How shifting energy policies are changing Russo-Chinese relations
The two countries have partnered on existing projects but future strategies look different
For now, it may seem that Eurasia and East Asia have teamed up against Oceania. China faces a harder line from Washington while EU foreign policy chief Josep Borrell's visit to Russia was unsuccessful. Traditional energy is at the core of the Russia-China relationship for now, but new energy is set to drive them apart.
The future relationship is outlined by Chinese President Xi Jinping’s declaration in September that his country would achieve carbon-neutrality by 2060, and on the Russian side, the energy strategy to 2035 adopted in April.
The two countries have a symbiotic relationship along their lengthy frontier. Russia is first in the world in gas and oil exports, third in coal and a leading producer of key minerals such as platinum, silver, cobalt, nickel and uranium.
Conversely, China is the largest importer of all three fuels and the world’s main user of most minerals. It is trying to replace coal with gas to reduce air pollution.
Russian energy exports have traditionally gone west. Fossil fuel sales to Europe use existing infrastructure and are highly profitable but look more problematic with the continent’s slow economy, its efforts to diversify supplies and end monopolistic practices, and US opposition to new pipeline projects that bypass Ukraine, particularly Nord Stream II under the Baltic Sea from Ust-Luga to Greifswald in Germany.
Most importantly, Europe’s zero-carbon plans and its turn to renewables and electric vehicles threaten Russian fossil fuel sales.
Not surprisingly, Moscow has catered to the Chinese market via the East Siberian Oil Pipeline (opened in 2009), the Power of Siberia gas pipeline (December 2019) and possibly the Altai gas pipeline to western China. Shipments from its Arctic liquefied natural gas plants reach China through the Northern Sea Route that runs east through the quickly melting polar ocean.

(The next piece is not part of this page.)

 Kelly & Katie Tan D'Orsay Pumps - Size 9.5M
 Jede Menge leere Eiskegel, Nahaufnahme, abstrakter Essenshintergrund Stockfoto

Western sanctions have deepened Russian dependence on China. The China National Petroleum Corporation and the Silk Road Fund hold about 30 per cent of the Yamal LNG venture. The CNPC and the China National Offshore Oil Corporation have taken stakes in the next project, Arctic II LNG.
State oil company Rosneft says its next big project, Vostok in east Siberia, could produce about 2.3 million barrels per day of oil and 50 million tonnes of LNG by 2030, mostly destined for East Asia via the Northern Sea Route.
Rosneft’s chief executive Igor Sechin, seen as Mr Putin’s right-hand man, said the project will cost about $157 billion. The company is in discussions with Chinese, Indian and western investors.
However, the two countries’ interests also clash in important areas. Russia’s Far East federal district, twice the area of India, contains 6 million people while 100 million live in the neighbouring provinces in China.
Tsarist Russia gained large slices of Outer Mongolia and Manchuria from the treaties of Aigun (1858) and Beijing (1860). The Soviet Union and Maoist China were involved in serious skirmishes over disputed areas in 1969, in turn helping convince Richard Nixon, US president at the time, that Chinese Communists were a worthwhile counterweight to their Soviet comrades.
China’s Belt-and-Road Initiative involves massive investment in inner Eurasia, a traditional Russian playground, and the Middle East, where Moscow has recently gained influence. Although China’s influence in these areas is felt more in economics than politics, this will surely follow, in the manner of expansionary powers.
China has an interest in the free flow of energy commodities while Russia’s motives lie in control and protecting monopolies. However, it has lost ground, for instance in Turkmenistan, holder of the world’s fourth-largest gas reserves, which used to export via Russia. The Chinese now produce and buy most of Turkmenistan's gas.
Disruptions of competitors’ supplies that raise oil and gas prices are helpful to Moscow but negative for Beijing.
The rising source of tension and inequality in the relationship, however, comes from the tectonic shift in global energy. Russia’s energy strategy leans almost entirely on fossil fuels. It acknowledges emerging sources such as renewables mostly as threats. Russia’s own massive land mass and potential for wind and solar generation is untapped.
State gas company Gazprom has only begun, rather reluctantly, to study hydrogen and it is late to the party as it was with LNG, despite its long-time traditional partner Germany clamouring for the new fuel. Russia has done little in carbon capture and storage, even though that fits naturally with its fossil fuel industry.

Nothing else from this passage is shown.